Plenty of hype and glory has been thrown around in relation to self-driving cars and their many benefits to society as a whole as well as to individuals. They are going to create many opportunities that will certainly benefit many people. But on the flip side, they could also cause massive damage if they end up in the wrong hands. In particular, hackers could tamper with the onboard electronics and make them break away from their original programming.
According to Patrick Lin, director of the Ethics + Emerging Sciences Group at the California Polytechnic University, typical crimes committed by unscrupulous individuals with the use of cars may evolve thank to the advent of self-driving mechanisms. In a statement to the Miami Herald, he says: "Self-driving cars may enable new crimes that we can't even imagine today." There could, in fact, be entirely new ways to cause mayhem as soon as self-driving cars hit the mainstream, so it's important that something gets done about it as early as now.

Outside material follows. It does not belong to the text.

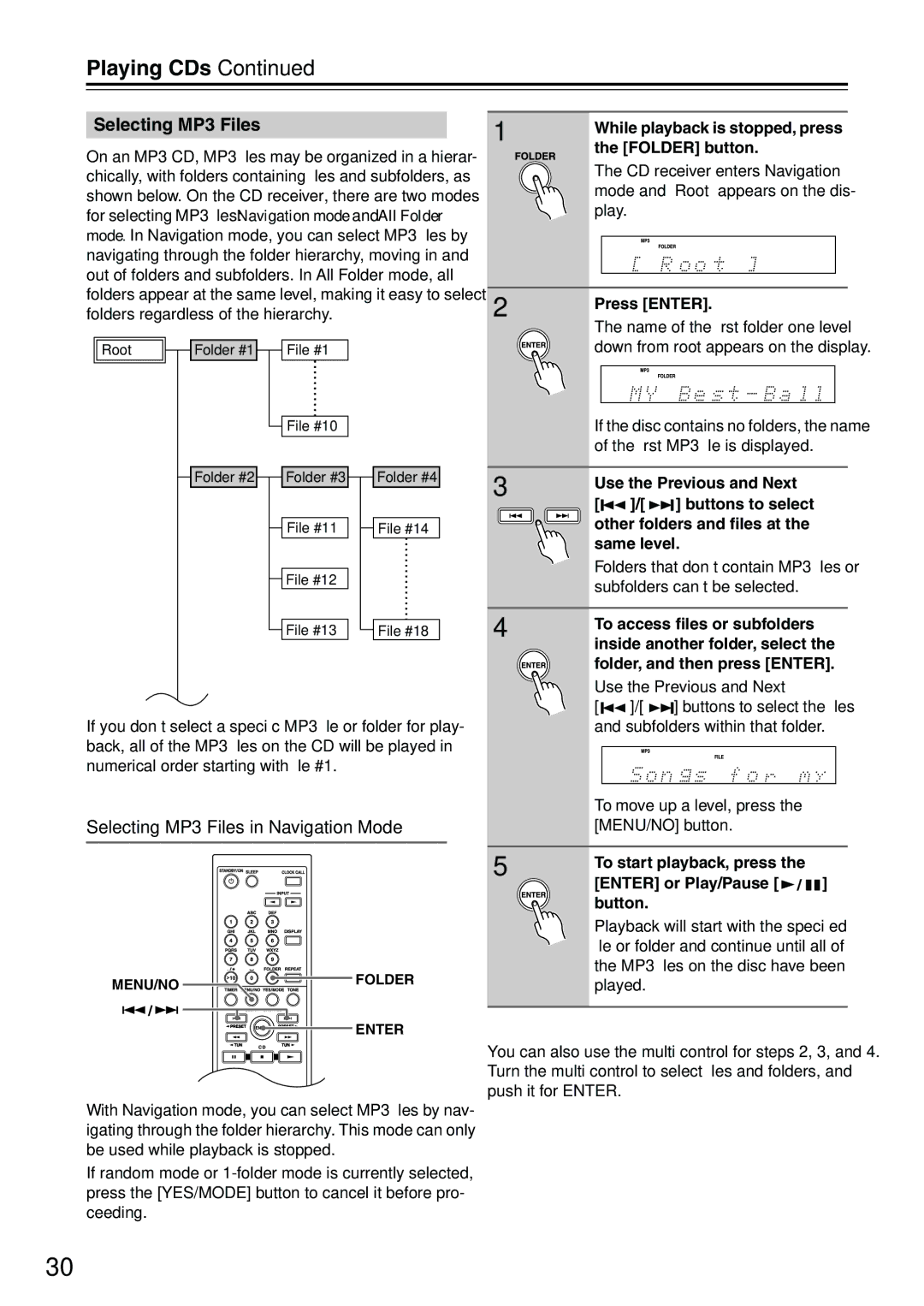 Onkyo CR-715DAB instruction manual Selecting MP3 Files in Navigation Mode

According to Dr. Mary Cummings, an ex-Navy fighter pilot who now serves as the lead of the Humans and Autonomy Laboratory at the Duke University Pratt School of Engineering, the thought that self-driving vehicles could fall into the hands of hackers is a particularly scary one. "Most people don't understand how easy it is to hack into a driverless car, and then basically steer it off course," she said. "There's no way I'd put my kid in a driverless car right now."
In her view, hackers pose an even greater threat to the future of self-driving cars than actual criminals or even terrorists. And she's not alone: A 2014 unclassified report from the Federal Bureau of Investigation (FBI) that was obtained by the U.K.'s The Guardian showed that self-driving cars could prove to be "game changing" for many criminals, terrorists, and hackers. It is said that they could turn the vehicles into "more potentially lethal weapons than they are today."

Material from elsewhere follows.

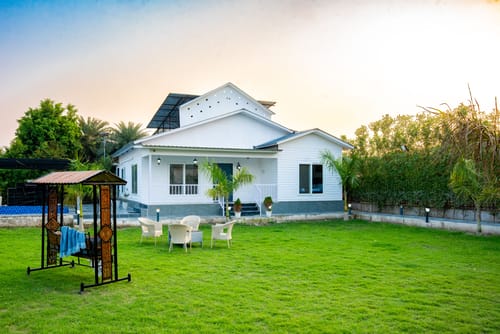 Nathaniel | Pet-friendly 3-BHK Farmhouse With Private Pool, Gazebo & Lush Garden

Lin says that the FBI is already worried about robo-getaway drivers, which frees up a suspect to shoot back. "Criminals might be able to make a better escape, if a road full of self-driving cars will always move out of the way when you threaten a collision," he also added. If you think the prospect of a car bomb that's driven by a human terrorist is scary, then the idea of the car being an autonomous one, which is able to run on its own without the need for a human driver, is the stuff of nightmares.

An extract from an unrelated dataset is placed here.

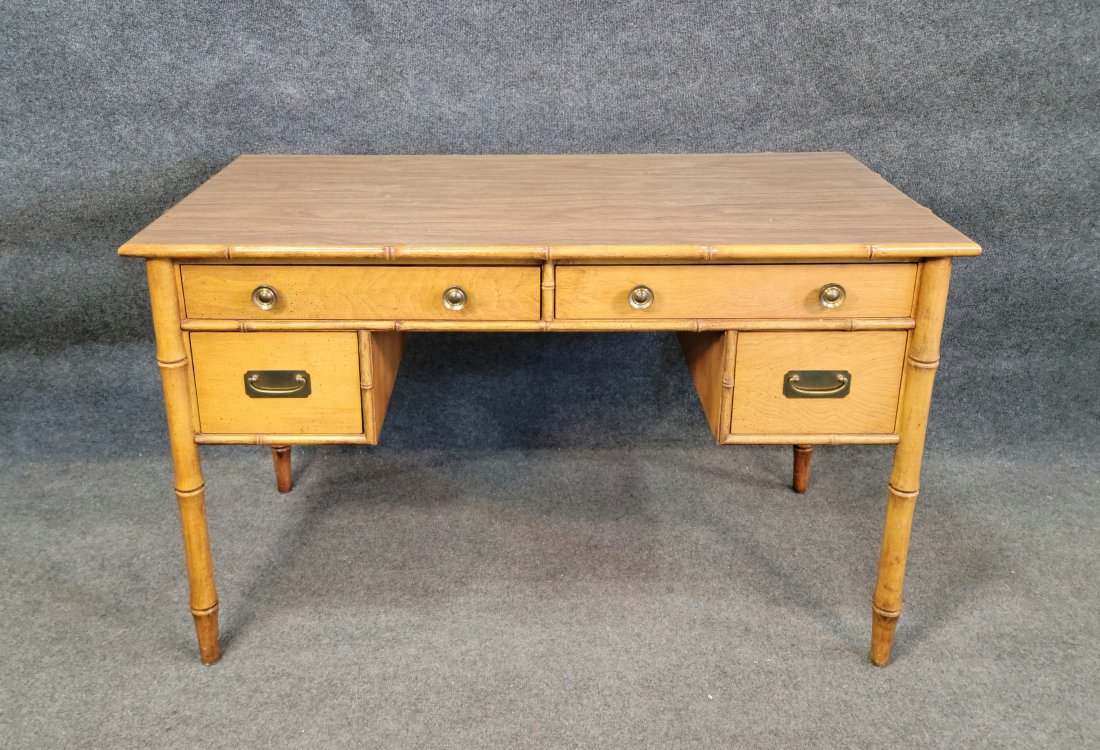 Faux Bamboo Desk: 30"H, 48"W, 23.50"D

There are ways to prevent these future problems, such as installing tamper-proof electronics in the vehicles themselves. But as most of those methods are rooted in hardware, they could be circumvented with just a little time and plenty of brute force from attackers. In any case, the market, as well as the public, will have plenty of time to prepare for this unwelcome future. But it will be difficult to tell whether or not the measures will be effective until the first attempted attacks finally happen.